I suspect that some seasoned patrons stayed away from Monday night's concert because they knew - as I would find out - that concert performances of complete ballet scores can sometimes be hard to sit through without the visuals that the music was meant to accompany. (During the concert, I often found myself squinting at the program in the dark to try to figure out where we were in the "story.") To my mind, one of the most adverse parts of the experience was what Kozinn describes as "the Siberian temperatures and draftiness in the hall," which I wondered a great deal about while sitting in a surprisingly chilly seat in the upper balcony. If frustration with the program might have tempted some patrons to leave early, the cold in the hall must have offered even more encouragement. Though I'm glad I stuck around for the end of what was really a very good concert, I hope the heating is back on next time I venture down to Lincoln Center. AMDG.

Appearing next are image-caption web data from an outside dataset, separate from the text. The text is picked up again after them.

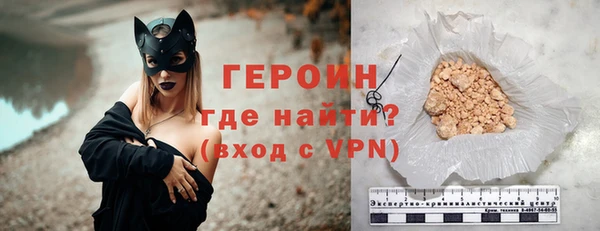 крисы Белоозёрский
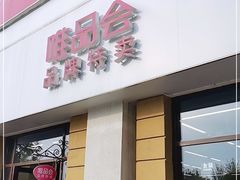 -瑞安威尼都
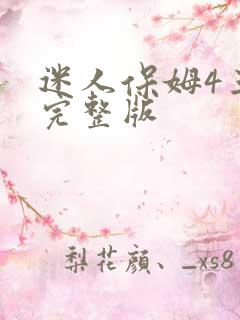 迷人保姆4三级完整版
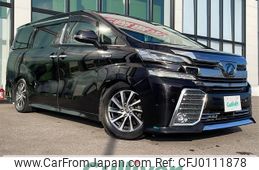 toyota vellfire 2015 -TOYOTA--Vellfire DAA-AYH30W--AYH30-0001145---TOYOTA--Vellfire DAA-AYH30W--AYH30-0001145-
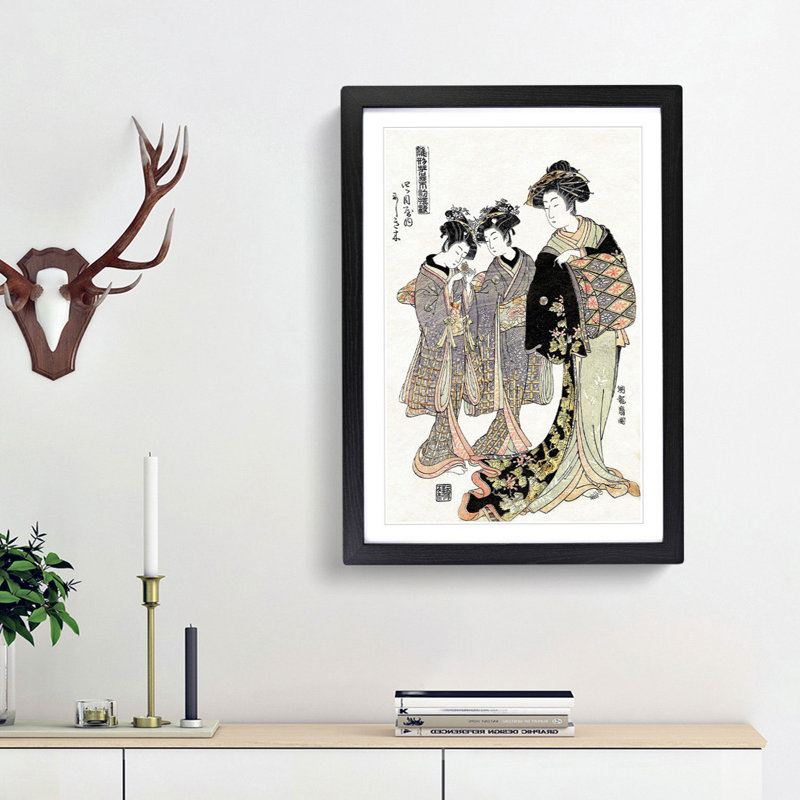 Courtesan Nishikigi by Isoda Koryusai - Picture Frame Painting Print, 36cm H x 27cm W x 2cm D, Black Framed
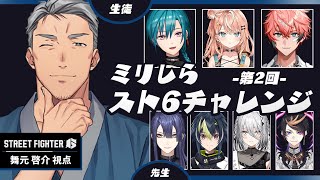舞元啓介の配信のサムネイル画像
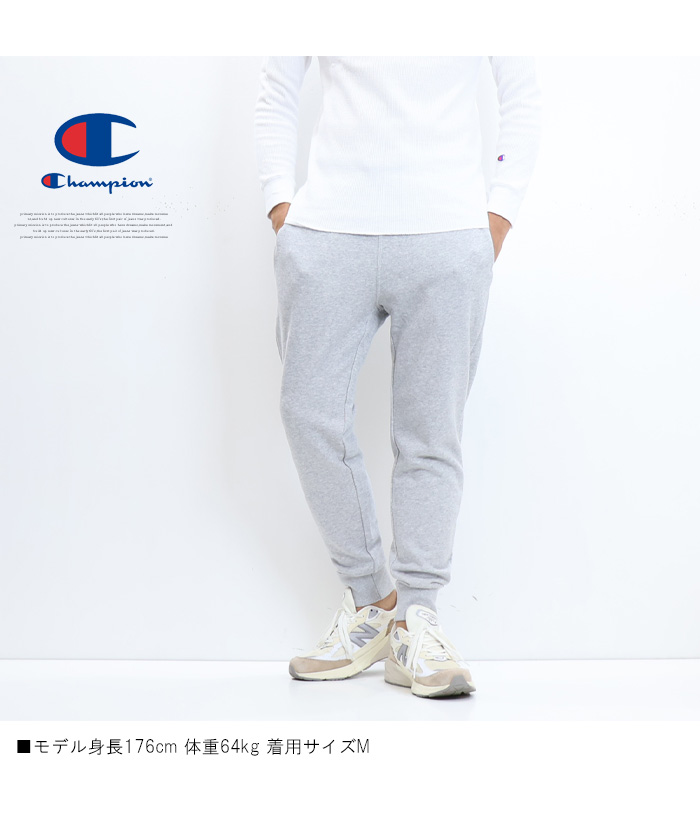 専用ページY223 Champion（チャンピオン） 裏毛スウェット テーパード 無地 イージー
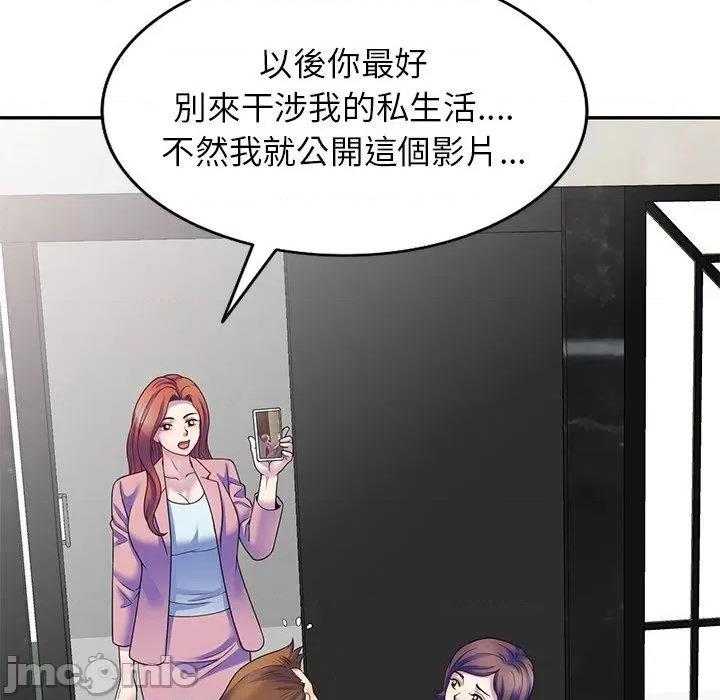 我的老婆是老师 我的老婆是老师-第 27 话 第134页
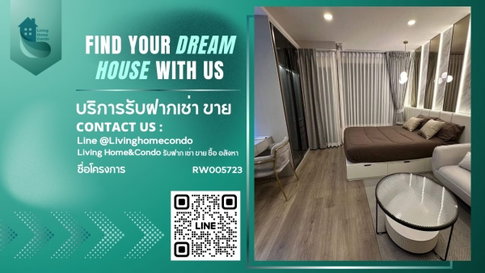 For rent SOHO Bangkok Ratchada คอนโดหรู เฟอร์นิเจอร์ครบ พร้อมอยู่ LH-RW005723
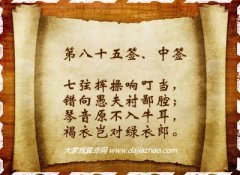 ������ǩ85ǩ��ǩ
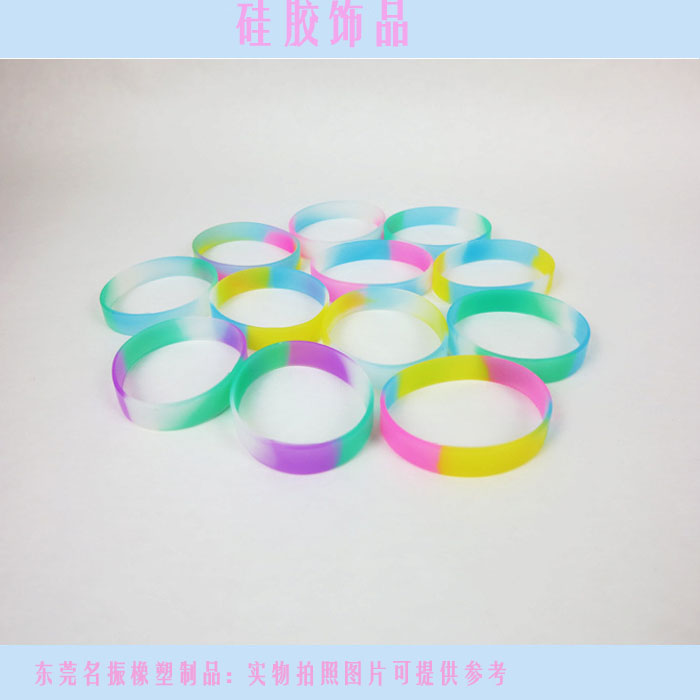 多彩硅膠手環 多色分層硅膠手環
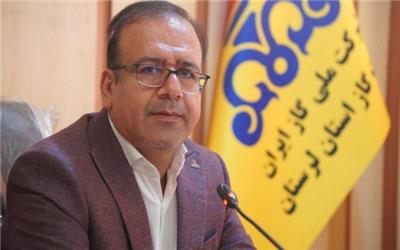 کاهش هدر رفت گاز در سه ماهه اول سال 1401 نسبت به مدت مشابه سال قبل در استان لرستان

Tuesday, November 11, 2008

The last of the many.

It is the spontaneous gestures that tell the story behind the ceremony, the moments of real emotion that cut through it all to lay bare the thoughts on people’s minds.

Today, as Henry Allingham struggled in vain against the infirmities of old age as he attempted to rise to his feet, it told a powerful story of remembrance and loss.

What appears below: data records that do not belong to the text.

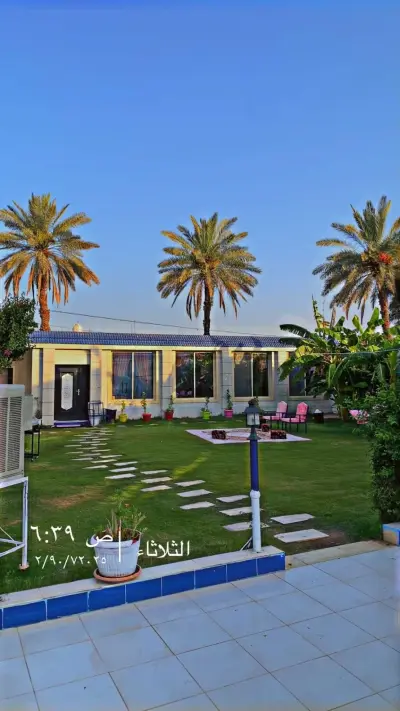 شاليه لوسيندا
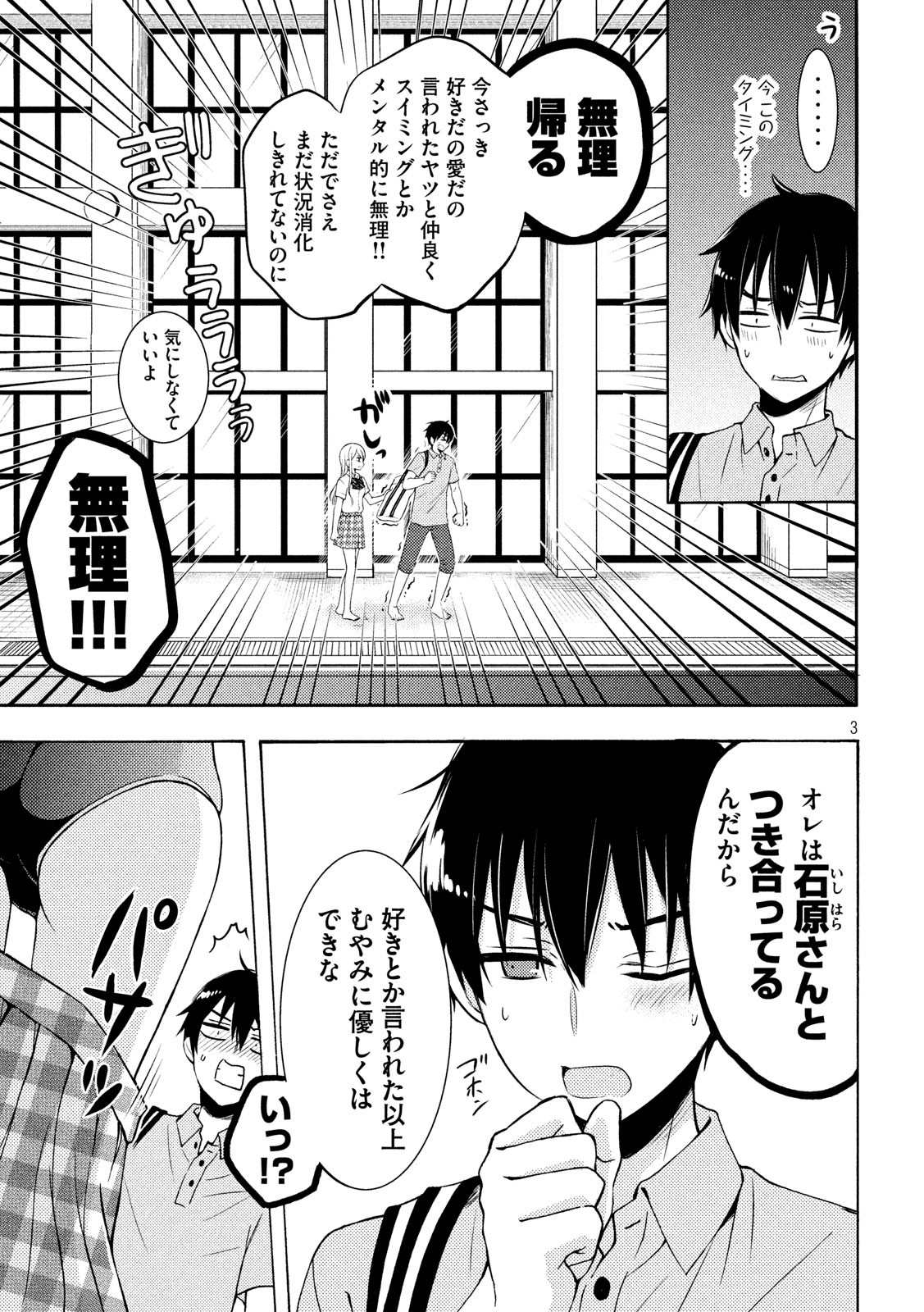 Watari-kun no xx ga Houkai Sunzen - Chapter 50 - Page 3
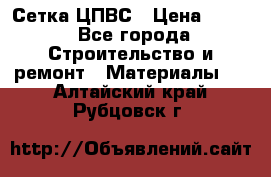 Сетка ЦПВС › Цена ­ 190 - Все города Строительство и ремонт » Материалы   . Алтайский край,Рубцовск г.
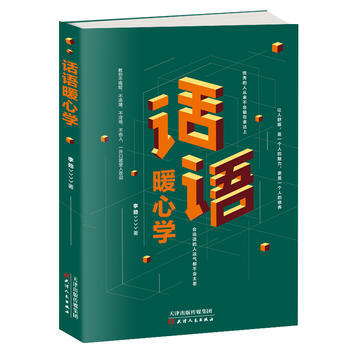 話語暖心學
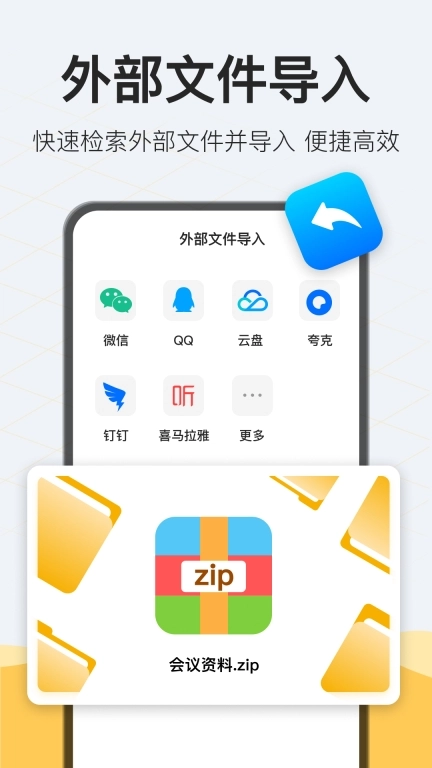 解压rar安装包下载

Almost everyone knows the name of Henry Allingham now - and Harry Patch and Bill Stone, Britain’s surviving veterans from the First World War. The last living reminders of a generation that sustained such terrible losses, they are the symbols of a suffering that modern generations find hard to understand.

But for Mr Allingham and his comrades, the memories of what happened are real, and personal, and theirs; and when, just before 11am today, and 90 years to the minute after the signing of the Armistice, he attempted to stand up in front of a crowd of thousands and lay a wreath at the Cenotaph, his gesture said more about war and grief than any prayer or salute.
The Telegraph has another story on the event, including video of Mr. Allingham's reflections. The Guardian has some more, as well as commentary on what the Great War may mean for us in the future as living memory of the period recedes into history. Had I more time I would compile a bit more of a collection of news stories on today's anniversary, but I hope this small sample conveys something of the spirit of the event we commemorate today. AMDG.

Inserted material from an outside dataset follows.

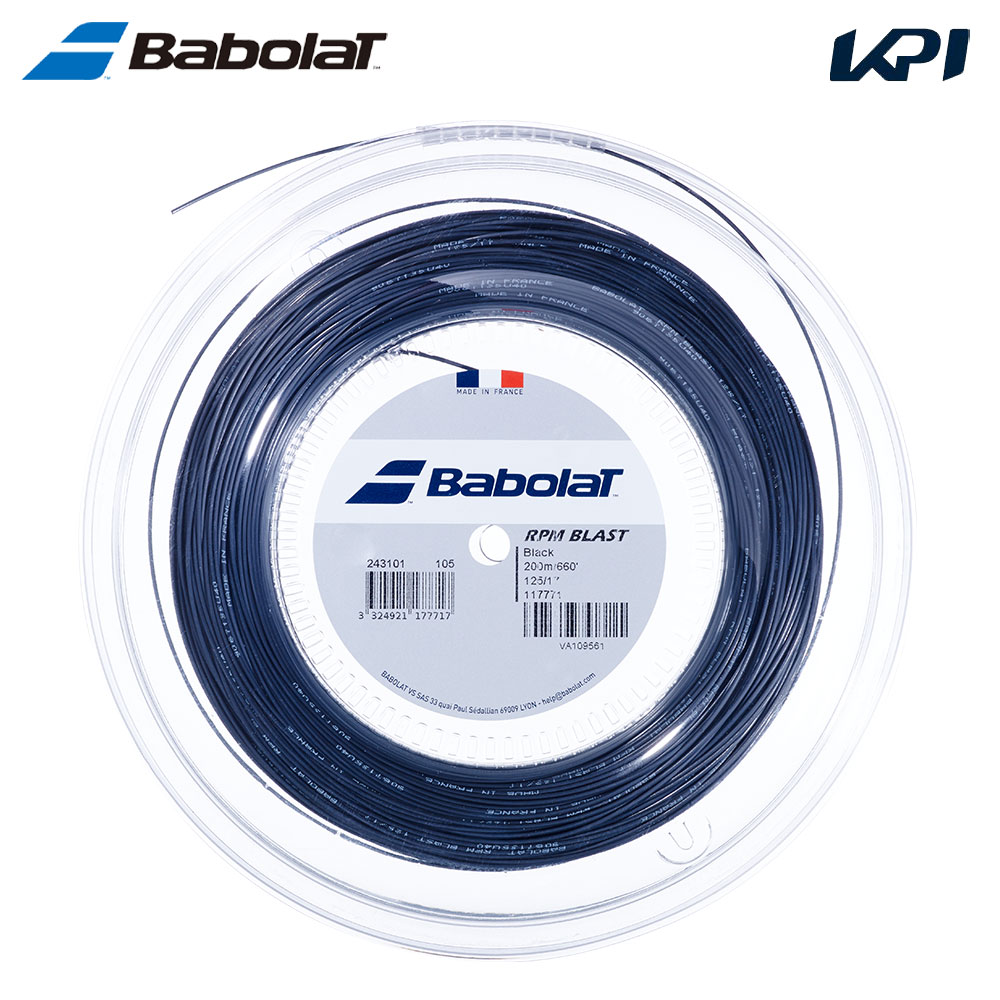 Babolat BabolaT バボラ 「トニックプラス ボールフィール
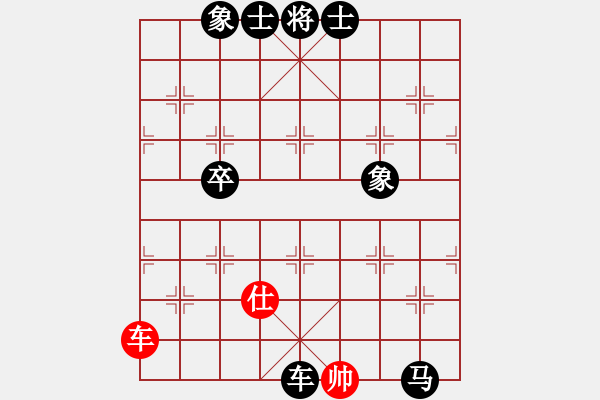 象棋棋谱图片：铎镡duoxin[924301329] -VS- 横才俊儒[292832991] - 步数：84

The eleventh hour of the eleventh day of the eleventh month.

On this ninetieth anniversary of the end of the First World War, let us remember all who died in that conflict and all who died in the subsequent wars that marked the 20th century and have marked the beginning of the 21st. May their memory be eternal. AMDG.

Sunday, November 09, 2008

Remembrance Sunday.

Today the people of the United Kingdom mark Remembrance Sunday, a commemoration of British war dead which began in the wake of the First World War. You can read more about (and watch some video footage from) the Remembrance Sunday ceremony held annually at the Cenotaph in London here, here and here. Another ceremony will be held at the Cenotaph on Tuesday on the 90th anniversary of the end of the First World War, with all three of Britain's surviving World War I veterans in attendance. Only one of the three - 110-year-old Harry Patch - actually saw combat; Mr. Patch may be seen in the last of the three photos above at a local Remembrance Day ceremony near his Somerset home. Speaking to a BBC reporter today, Mr. Patch described the attention that he now receives as 'the last Tommy' as "fuss about nothing" and recalled friends who died in battle. Such humility is admirable in one who bears the tremendous symbolic burden of being his country's last living link to an important national experience.

On this Remembrance Sunday, I pray for all who have given their lives in military service and for all victims of war. May the living continue to learn from them, and may their memory be eternal. AMDG.

Saturday, November 08, 2008

Gergiev defends South Ossetia concert in NYT.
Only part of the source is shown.